Seasonality is the tendency for commodities futures prices to rise or fall at a particular time of year, every year. In many agricultural commodities, seasonality is a result of harvest cycles. Prices fall when supply becomes abundant, and they rise when supply dwindles. In other commodities like gold or crude oil where supply tends to be steadier, barring any natural disasters, seasonality is determined by changes in seasonal demand patterns. For example, crude prices tend to rise in the spring ahead of the summer driving season, and again near the end of the summer to factor in the winter heating season. A ten year study of most commodities corroborates this phenomenon, and seasonal price tendencies ought to be respected more often than not.
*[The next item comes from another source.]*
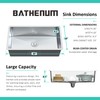 Bathenum 30-inch Undermount Single Bowel Kitchen Sink, Handmade 16 Gauge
Now that we know what seasonality is, let's discuss its relevancy to coffee futures for this spring. Coffee has some of the strongest seasonal tendencies among all tradable commodities. The most dramatic seasonal pattern occurs in June, where prices tend to collapse under the weight of the Brazilian harvest coming online. Because there are only a few major players making up the majority of coffee production in the world, their production cycles heavily influence prices. Brazil in the summer months, and Vietnam toward the end of the year, both contribute massive quantities of fresh coffee. This is a burden that tends to weight heavily on futures prices. But in recent years, due to steadily climbing worldwide demand, and due to the fact that the growth in worldwide supply has not kept pace with consumption, seasonal influences have become more pronounced. Every year since 2004 we have seen prices trend higher from October through March of the following year, while trending lower in the summer months.
Now lets add to this seasonal tendency for coffee futures prices to climb in the spring the fact that we're on the cusp of a huge deficit in coffee product for the 2009-2010 season, the fact that coffee stocks (reserves) at producing locations are at an all time low, and that worldwide reserves relative to consumption are at levels not seen in thirty years. This is the perfect storm for coffee futures, and is going to result in the largest bull run in recorded history. But some of these factors are not new, why have prices not begun climbing as of yet? Well friends, back to the title of our article. Seasonality. 2008 was a generous year coffee production, adding a good deal to stocks. That and the global financial crisis pulled money from every asset class out there. So we've been riding off of an excess of supply at a time when people are afraid to invest. I believe the catalyst for this market is just around the corner. The pricing in of the coming coffee deficit will begin any time now as we've cleared the Vietnamese and Colombian crops and have just a few months before Brazil harvests a cyclically smaller crop. Seasonality suggests the time is here for coffee to price in this deficit. So contact your commodities broker and go long, or buy yourself into a Coffee ETF and hang tight, cause we're about to see a bull run to remember.